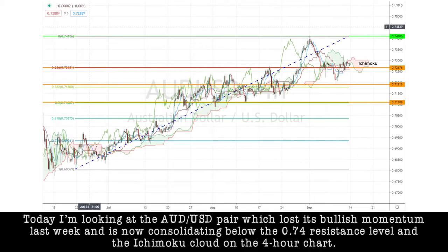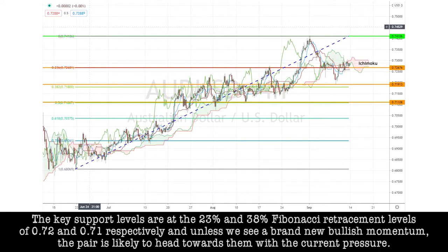Today I'm looking at the Aussie dollar pair, which lost its bullish momentum last week and is now consolidating below the 0.74 resistance level and the Ichimoku cloud on the four-hour chart. The key support levels are at the 23% and 38% Fibonacci retracement levels of 0.72 and 0.71 respectively, and unless we see a brand new bullish momentum, the pair is likely to head down towards these support levels under current pressures.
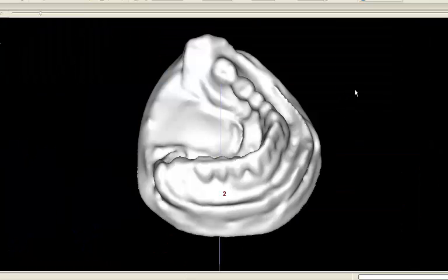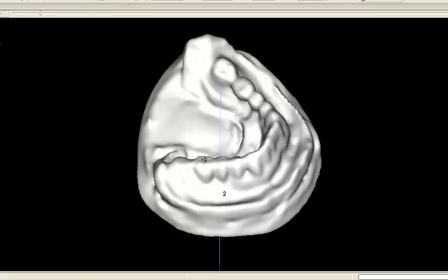In this example, future tooth position will be represented by a previous fixed bridge which will be removed so two implants can be placed.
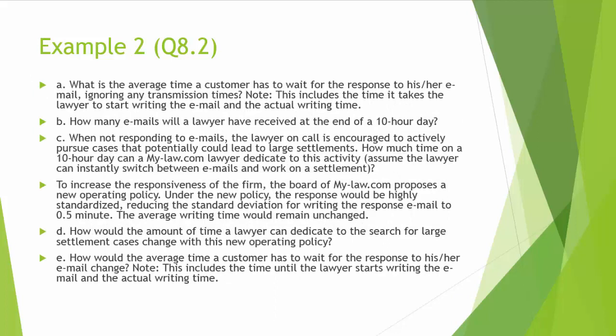And we would like to answer the following questions. Question A: What is the average time a customer has to wait for the response to his or her email, ignoring any transmission time? Note, this includes the time it takes the lawyer to start writing the email and the actual waiting time. Question B: How many emails will a lawyer have received at the end of a 10-hour day?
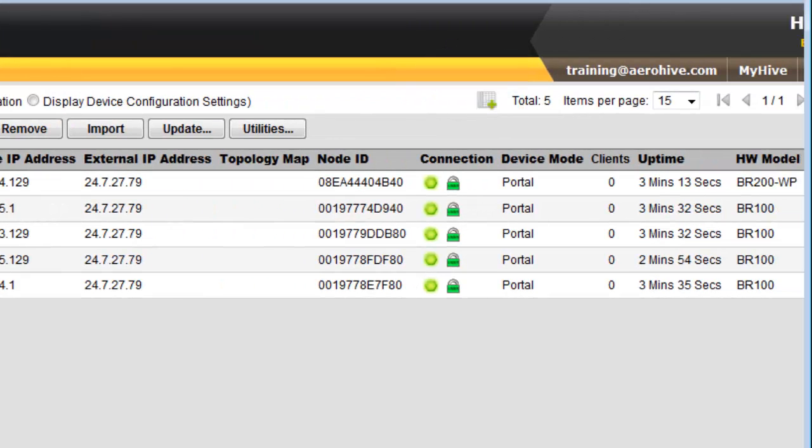If you view the uptime column, you can see that the uptime has started over again from zero, letting you know that the routers are in sync. The routers have been successfully rebooted and have reestablished communication with Hive Manager.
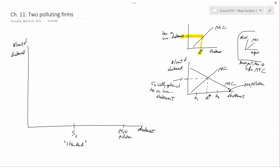In other words, the government passes a law saying abating less than S2 is illegal, and there are no incentives for the firm to abate more than S2. The consequence of that law — which is a version of command and control — is that each of the two firms will choose to abate at the S2 level. To the left of S2 I'll draw level S1, and to the right of S2 I'll draw level S3, so that the distance between S1 and S2 is exactly the same as the distance between S2 and S3.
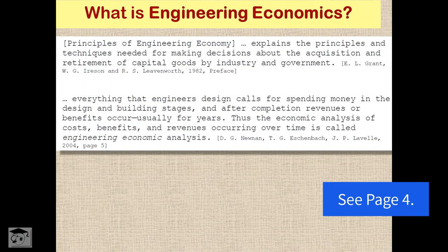What is engineering economy? Engineering economy involves formulating, estimating, and evaluating the expected economic outcomes of alternatives designed to accomplish a defined purpose. Mathematical techniques simplify the economic evaluation of alternatives.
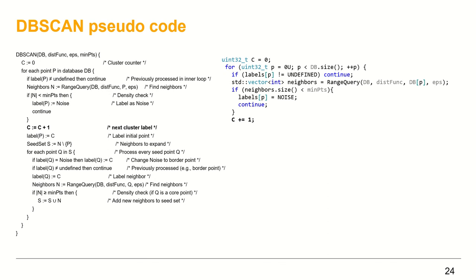Otherwise, a new cluster needs to be created, hence increment the cluster counter. Assign the cluster counter to the label of the point under test.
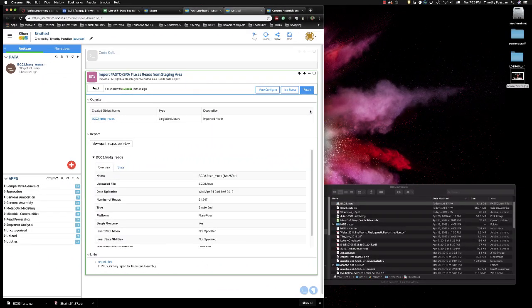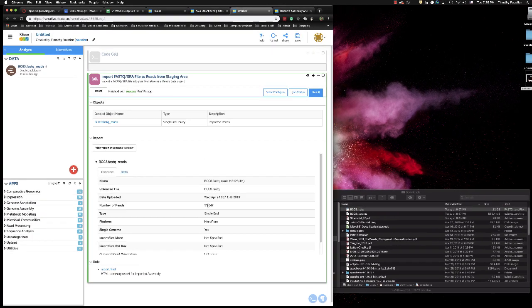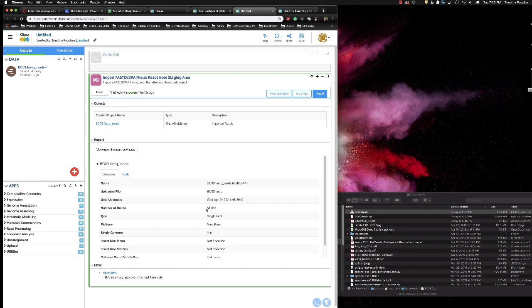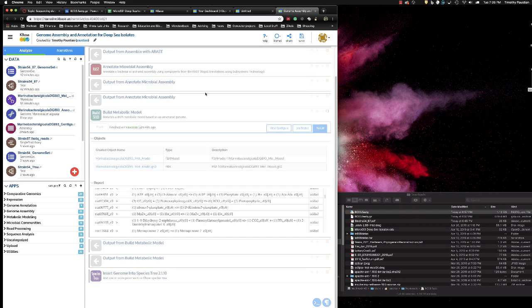Our FASTQ file has now been brought into the staging area. We can now go on and start to do our analysis. And you'll see here that it's got 51,000 reads in it. That this is a nanopore read. So we're going to shrink this down.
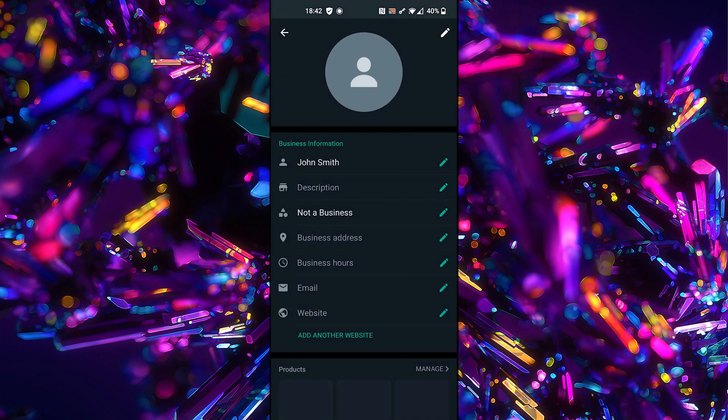That's all. We have successfully signed up a WhatsApp United States account. This way we can create unlimited accounts.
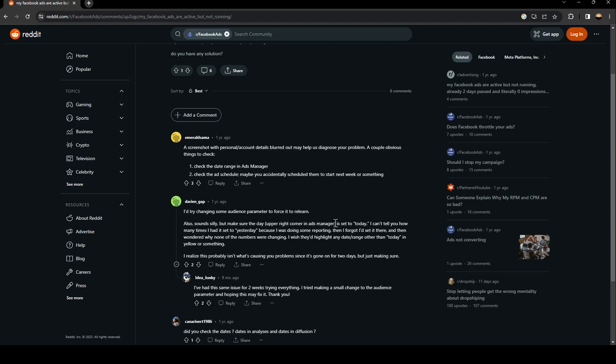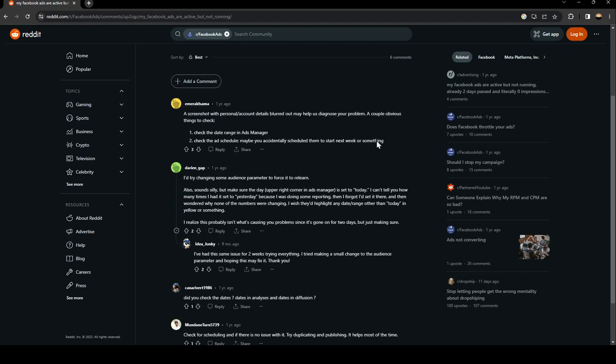I can't tell you how many times I had it set to yesterday because I was doing some reporting, then I forgot I'd set it there and then wondered why none of the numbers were changing. I wish they'd highlight any days range other than today in yellow or something. I realize this probably isn't what's causing your problem since it's gone for two days, but just making sure.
————————
Work to complete: Every line from the top of the entries through the line that holds "In other words, the" is to be quoted exactly, please, and nothing else; omit the pictures.

Result of this task:
Today I'm looking at the Aussie dollar pair, which lost its bullish momentum last week and is now consolidating below the 0.74 resistance level and the Ichimoku cloud on the four-hour chart. The key support levels are at the 23% and 38% Fibonacci retracement levels of 0.72 and 0.71 respectively, and unless we see a brand new bullish momentum, the pair is likely to head down towards these support levels under current pressures.
In this example, future tooth position will be represented by a previous fixed bridge which will be removed so two implants can be placed.
And we would like to answer the following questions. Question A: What is the average time a customer has to wait for the response to his or her email, ignoring any transmission time? Note, this includes the time it takes the lawyer to start writing the email and the actual waiting time. Question B: How many emails will a lawyer have received at the end of a 10-hour day?
If you view the uptime column, you can see that the uptime has started over again from zero, letting you know that the routers are in sync. The routers have been successfully rebooted and have reestablished communication with Hive Manager.
In other words, the government passes a law saying abating less than S2 is illegal, and there are no incentives for the firm to abate more than S2. The consequence of that law — which is a version of command and control — is that each of the two firms will choose to abate at the S2 level. To the left of S2 I'll draw level S1, and to the right of S2 I'll draw level S3, so that the distance between S1 and S2 is exactly the same as the distance between S2 and S3.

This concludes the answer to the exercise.